- _Recorded data_
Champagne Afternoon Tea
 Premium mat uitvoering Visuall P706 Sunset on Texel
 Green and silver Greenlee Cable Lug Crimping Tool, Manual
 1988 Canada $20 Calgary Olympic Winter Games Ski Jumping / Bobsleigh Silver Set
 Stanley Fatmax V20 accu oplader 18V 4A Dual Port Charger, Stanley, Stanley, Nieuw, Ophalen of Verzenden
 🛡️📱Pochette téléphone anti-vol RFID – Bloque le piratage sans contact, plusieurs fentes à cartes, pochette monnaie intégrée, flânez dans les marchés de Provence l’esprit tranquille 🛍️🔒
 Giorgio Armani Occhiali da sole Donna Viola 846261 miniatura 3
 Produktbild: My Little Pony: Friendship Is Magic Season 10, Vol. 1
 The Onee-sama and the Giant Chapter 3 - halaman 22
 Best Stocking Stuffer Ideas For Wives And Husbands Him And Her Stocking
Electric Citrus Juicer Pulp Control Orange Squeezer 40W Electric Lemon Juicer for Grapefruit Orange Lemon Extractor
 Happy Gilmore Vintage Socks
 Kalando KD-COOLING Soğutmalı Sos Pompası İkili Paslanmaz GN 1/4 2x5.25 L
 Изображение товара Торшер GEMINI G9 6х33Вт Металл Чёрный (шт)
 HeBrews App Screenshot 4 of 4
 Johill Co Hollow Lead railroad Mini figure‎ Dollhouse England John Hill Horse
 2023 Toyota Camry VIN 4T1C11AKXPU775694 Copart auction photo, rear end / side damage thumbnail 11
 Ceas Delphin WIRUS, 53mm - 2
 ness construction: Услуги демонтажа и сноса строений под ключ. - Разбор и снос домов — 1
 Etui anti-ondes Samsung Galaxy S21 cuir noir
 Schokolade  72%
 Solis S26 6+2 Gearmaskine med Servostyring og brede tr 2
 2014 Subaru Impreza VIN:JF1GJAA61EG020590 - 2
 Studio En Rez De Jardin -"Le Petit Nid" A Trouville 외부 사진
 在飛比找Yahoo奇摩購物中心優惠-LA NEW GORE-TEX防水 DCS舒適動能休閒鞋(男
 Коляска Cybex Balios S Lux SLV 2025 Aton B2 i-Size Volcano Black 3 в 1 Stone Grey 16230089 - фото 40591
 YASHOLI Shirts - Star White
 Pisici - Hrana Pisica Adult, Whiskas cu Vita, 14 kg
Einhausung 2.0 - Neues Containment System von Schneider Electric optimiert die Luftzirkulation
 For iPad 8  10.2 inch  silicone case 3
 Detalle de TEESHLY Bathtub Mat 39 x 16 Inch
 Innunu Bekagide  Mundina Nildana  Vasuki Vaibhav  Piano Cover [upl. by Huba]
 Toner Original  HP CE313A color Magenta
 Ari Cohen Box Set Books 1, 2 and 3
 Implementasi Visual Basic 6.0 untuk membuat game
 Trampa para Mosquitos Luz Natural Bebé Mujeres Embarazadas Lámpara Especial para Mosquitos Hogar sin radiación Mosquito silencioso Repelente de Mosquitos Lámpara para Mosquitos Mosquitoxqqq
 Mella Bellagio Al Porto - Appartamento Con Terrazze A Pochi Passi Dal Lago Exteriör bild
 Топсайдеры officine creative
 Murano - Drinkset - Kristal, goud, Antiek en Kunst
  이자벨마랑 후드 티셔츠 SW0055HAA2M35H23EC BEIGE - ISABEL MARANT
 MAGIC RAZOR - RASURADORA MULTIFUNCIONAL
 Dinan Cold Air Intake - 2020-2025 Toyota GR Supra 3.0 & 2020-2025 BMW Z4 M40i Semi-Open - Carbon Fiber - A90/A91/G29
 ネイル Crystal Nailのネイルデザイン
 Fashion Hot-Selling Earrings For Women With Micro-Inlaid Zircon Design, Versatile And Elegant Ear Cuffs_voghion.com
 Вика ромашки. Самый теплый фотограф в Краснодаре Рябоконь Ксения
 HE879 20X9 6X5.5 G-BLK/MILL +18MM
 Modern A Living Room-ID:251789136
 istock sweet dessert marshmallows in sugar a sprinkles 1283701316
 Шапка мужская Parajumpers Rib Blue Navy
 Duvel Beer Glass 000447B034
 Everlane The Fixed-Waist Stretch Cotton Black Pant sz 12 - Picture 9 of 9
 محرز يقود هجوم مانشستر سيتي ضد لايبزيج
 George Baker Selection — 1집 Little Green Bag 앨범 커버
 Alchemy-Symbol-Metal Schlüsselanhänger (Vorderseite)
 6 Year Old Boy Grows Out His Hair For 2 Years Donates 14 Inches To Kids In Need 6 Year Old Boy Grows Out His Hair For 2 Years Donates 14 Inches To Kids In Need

- _Task statement_
Only the lines above starting at the one containing "Johill Co Hollow" and ending at the one containing "2014 Subaru Impreza", both included, are to be returned, exactly as they read.

- _Task answer_
 Johill Co Hollow Lead railroad Mini figure‎ Dollhouse England John Hill Horse
 2023 Toyota Camry VIN 4T1C11AKXPU775694 Copart auction photo, rear end / side damage thumbnail 11
 Ceas Delphin WIRUS, 53mm - 2
 ness construction: Услуги демонтажа и сноса строений под ключ. - Разбор и снос домов — 1
 Etui anti-ondes Samsung Galaxy S21 cuir noir
 Schokolade  72%
 Solis S26 6+2 Gearmaskine med Servostyring og brede tr 2
 2014 Subaru Impreza VIN:JF1GJAA61EG020590 - 2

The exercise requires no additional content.